- _INFORMATION PROVIDED_:
________________________

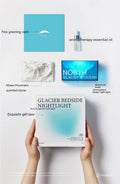 Glacier night light Bluetooth speaker on bedside table with soft ambient glow and compact size 13.8 x 8.5 cm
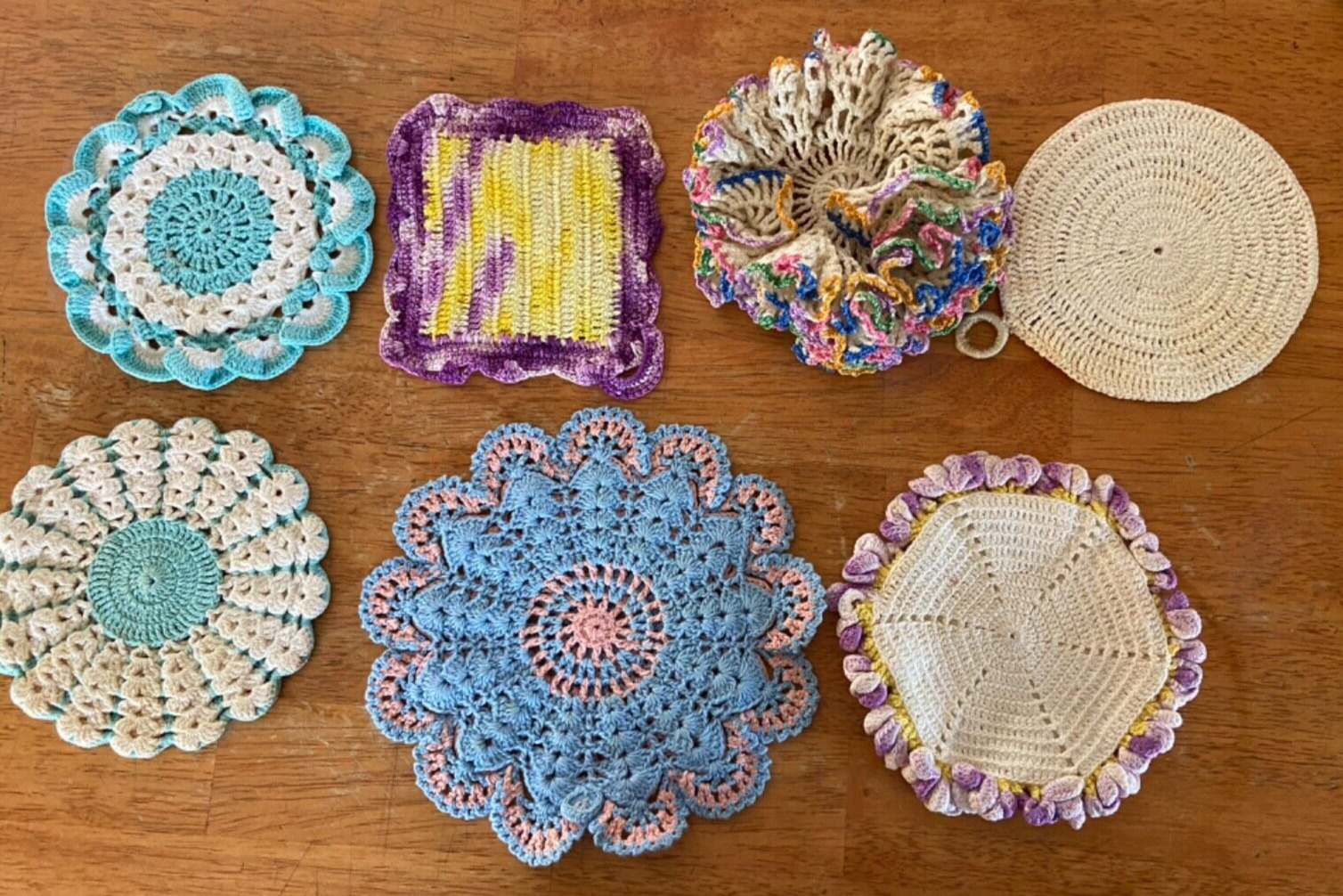 7 Vintage Crochet Potholders- Pinks, Blues, Aqua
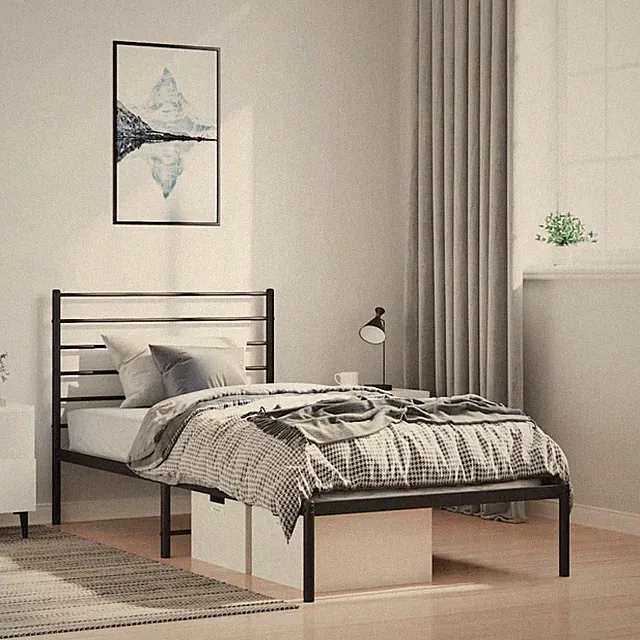 Bettgestell Metall Schwarz 100x190 cm Metallbett Bettrahmen Gästebett Bett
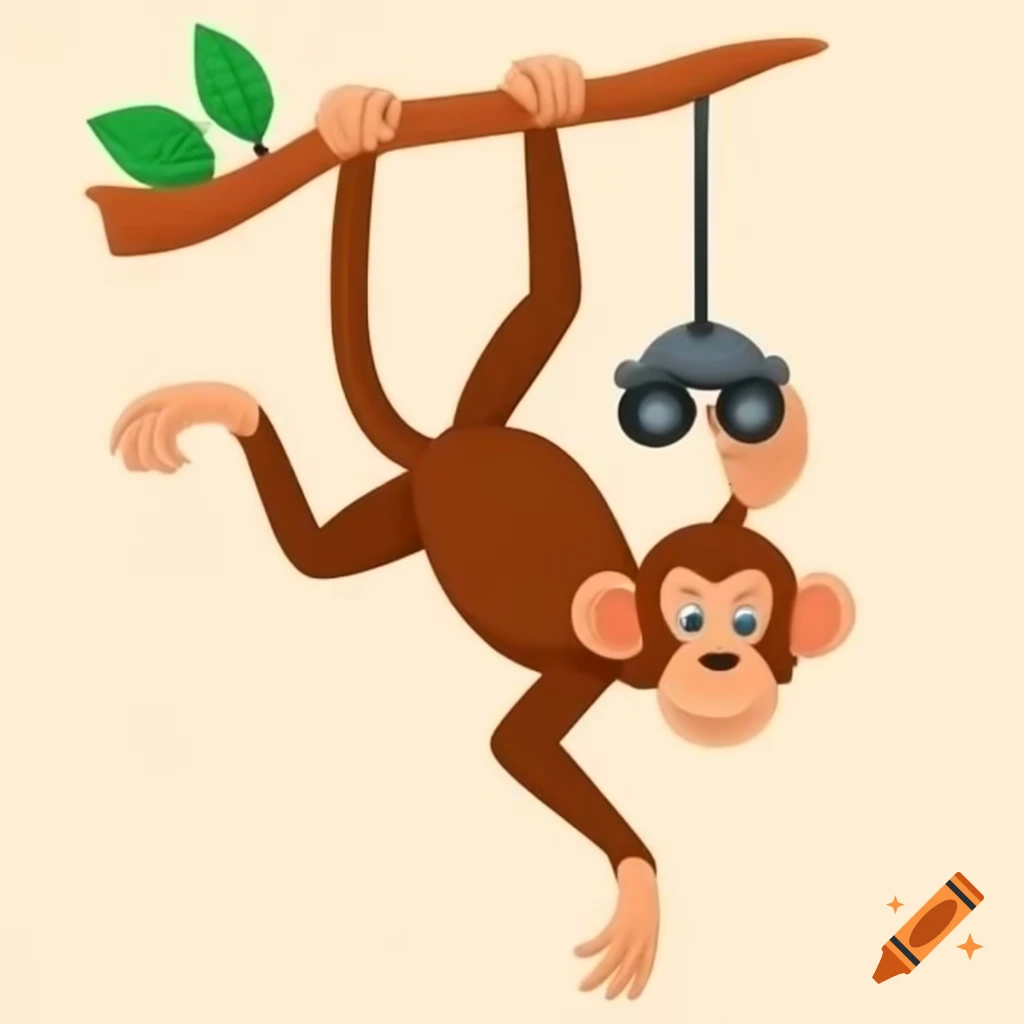 Monkey hanging from branch holding binoculars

________________________

- _WORK REQUEST_:
Lines from the one containing "Bettgestell Metall Schwarz" through the end of the listing, both included, are to be restated exactly, and pictures are to be left out.

- _ANSWER BOX_:
 Bettgestell Metall Schwarz 100x190 cm Metallbett Bettrahmen Gästebett Bett
 Monkey hanging from branch holding binoculars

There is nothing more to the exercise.